Fast forward to my late 30’s and once again I found myself as part of a family support team for my Dad. Over the 3 years he lived with Oesophageal Cancer we learnt how to do it his way (and my Mums - they were a team after all). We made memories for ourselves and the grandchildren, we had some conversations about what he did and didn’t want. I would call it as good of death as we could have hoped for and yet I still felt incredibly alone. I vividly remember standing outside his bedroom door with a voice screaming in my head “surely we are not the only ones to go through this?” and that is something that sits with me to this day. Dad didn’t want a funeral but we did. Some people might think this is disrespectful, but I suspect Dad always knew we would have one because we all just said “ok Dad, whatever you want”. He knew it was too easy! Hence my passion for end of life conversations, legacy and living each moment. Dad got so much joy from being with his grandchildren, and watching the goats and lambs play in the paddock outside his window. He was a farmer to the very end, through and through.
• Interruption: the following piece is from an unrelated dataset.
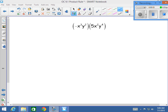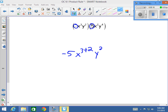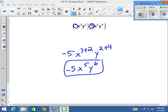All right, in this one, we want to go ahead and multiply this negative times 5 first. Negative times 5 gives me a negative 5. Then we can go ahead and add the exponents. x to the third plus the second power, y to the second plus the fourth power. So we get negative 5, x to the fifth, y to the sixth. And that's your final answer.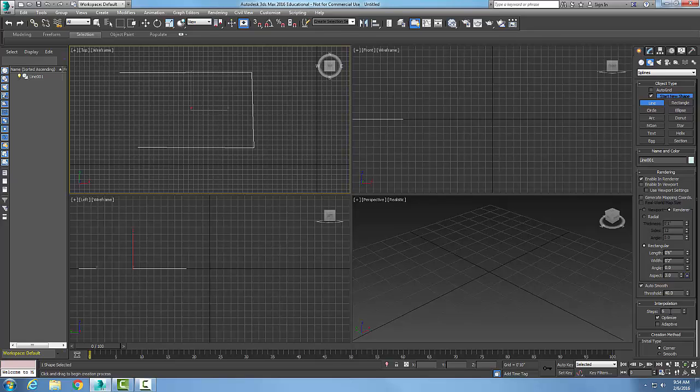the steps is used to determine the number of steps in between each vertex. And this ends up then making it a little bit smoother when you go up the higher number of steps.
I’ve also recently had the privilege to be bedside of my childhood best friend, along with her family, as they removed artificial life support after she experienced a sudden, undetected brain aneurysm. Even in this tragic and traumatic setting I was able to help guide and support the family to care for their Mum, Wife, Sister, Cousin, Aunty in a way that they never knew they could do. They were able to take her straight home, without embalming and care for her without a funeral director, until her burial in the family cemetery. They were able to fulfil her wishes because she was able to talk to her family about what she would and would not want if she ever found herself unable to make those decisions. Hence my passion for family led after death care and once again encouraging people to have these conversations, because you just never really know what is around the corner.